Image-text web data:
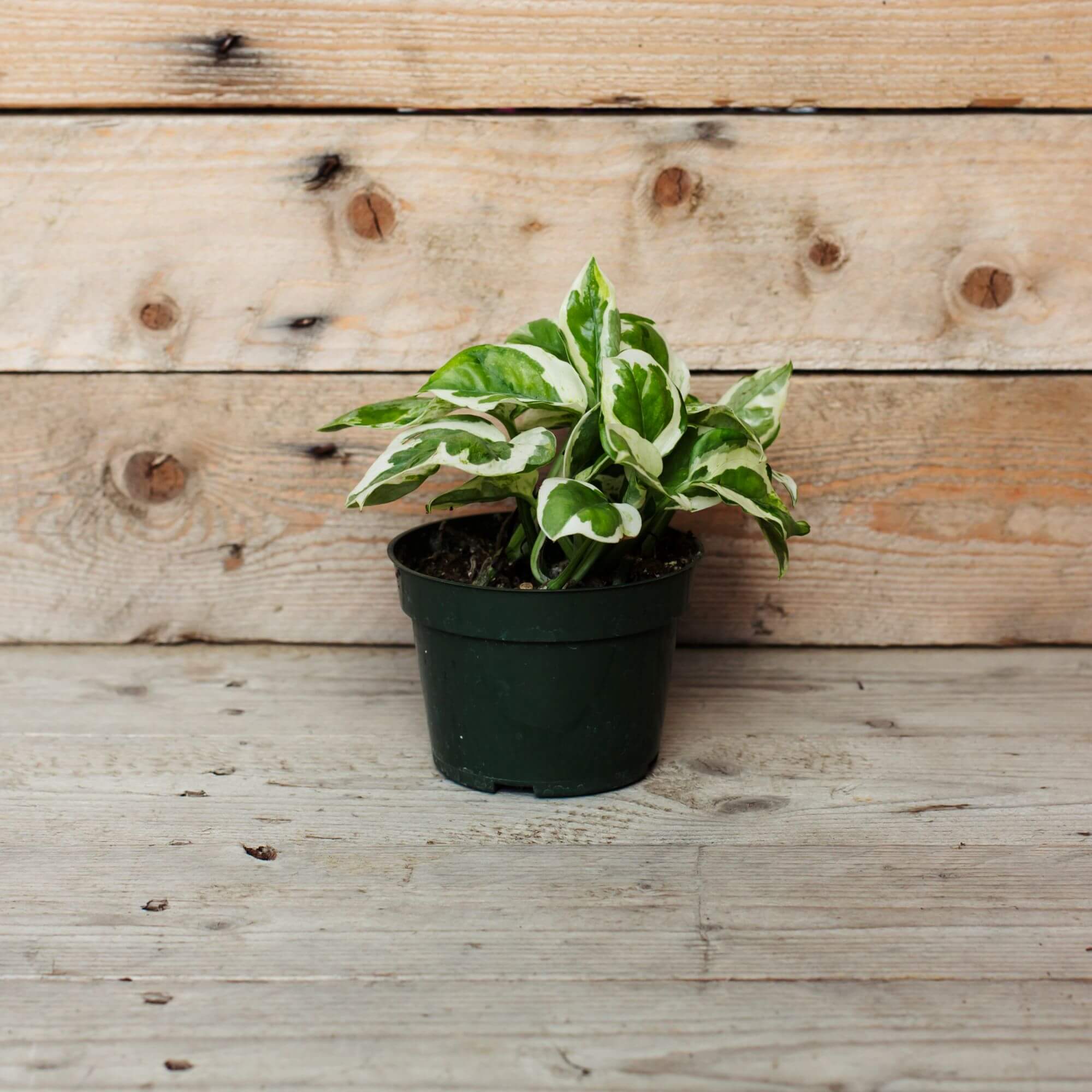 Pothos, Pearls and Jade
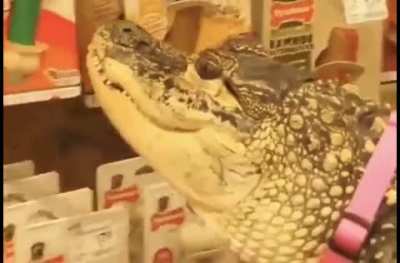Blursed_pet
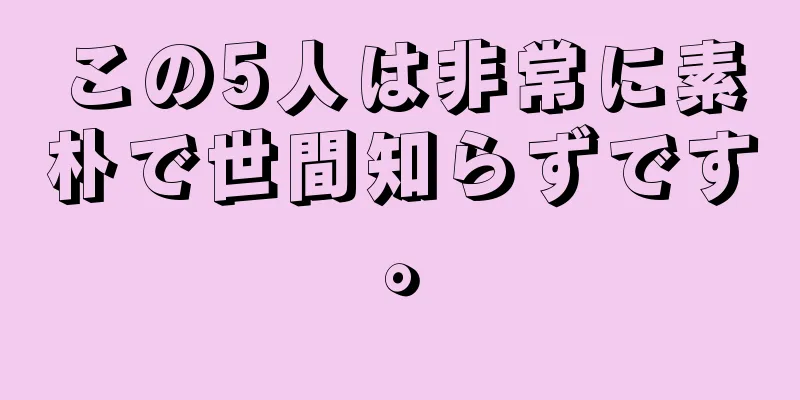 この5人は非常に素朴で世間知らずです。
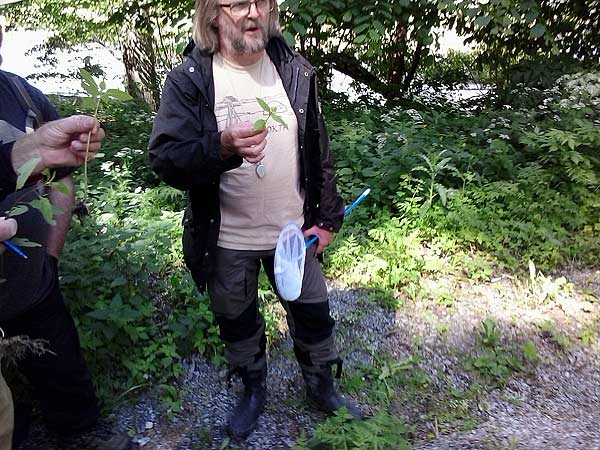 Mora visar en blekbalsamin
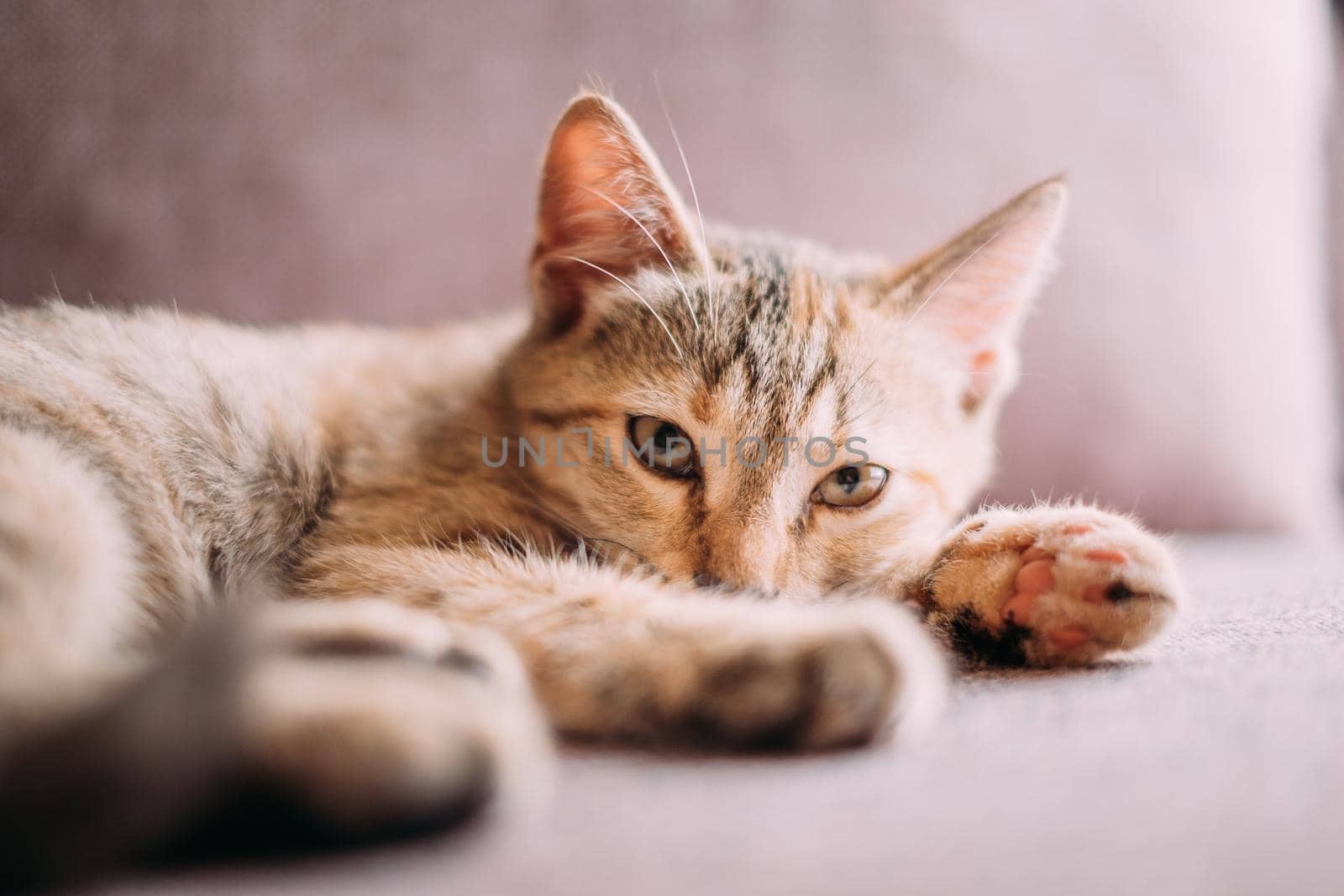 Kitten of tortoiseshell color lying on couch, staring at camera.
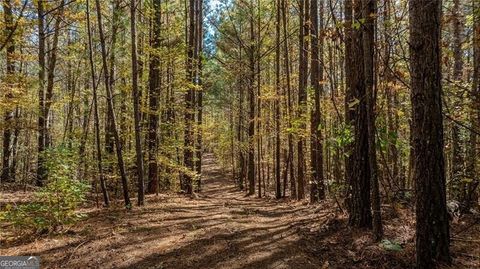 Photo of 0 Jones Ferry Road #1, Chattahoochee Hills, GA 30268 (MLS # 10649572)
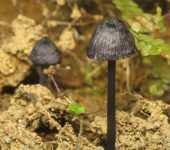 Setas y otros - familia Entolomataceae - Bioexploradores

**WHAT IS NEEDED**
Leave every picture out. Retype the remaining data exactly.

**SOLUTION TO THE PROBLEM**
 Pothos, Pearls and Jade
Blursed_pet
 この5人は非常に素朴で世間知らずです。
 Mora visar en blekbalsamin
 Kitten of tortoiseshell color lying on couch, staring at camera.
 Photo of 0 Jones Ferry Road #1, Chattahoochee Hills, GA 30268 (MLS # 10649572)
 Setas y otros - familia Entolomataceae - Bioexploradores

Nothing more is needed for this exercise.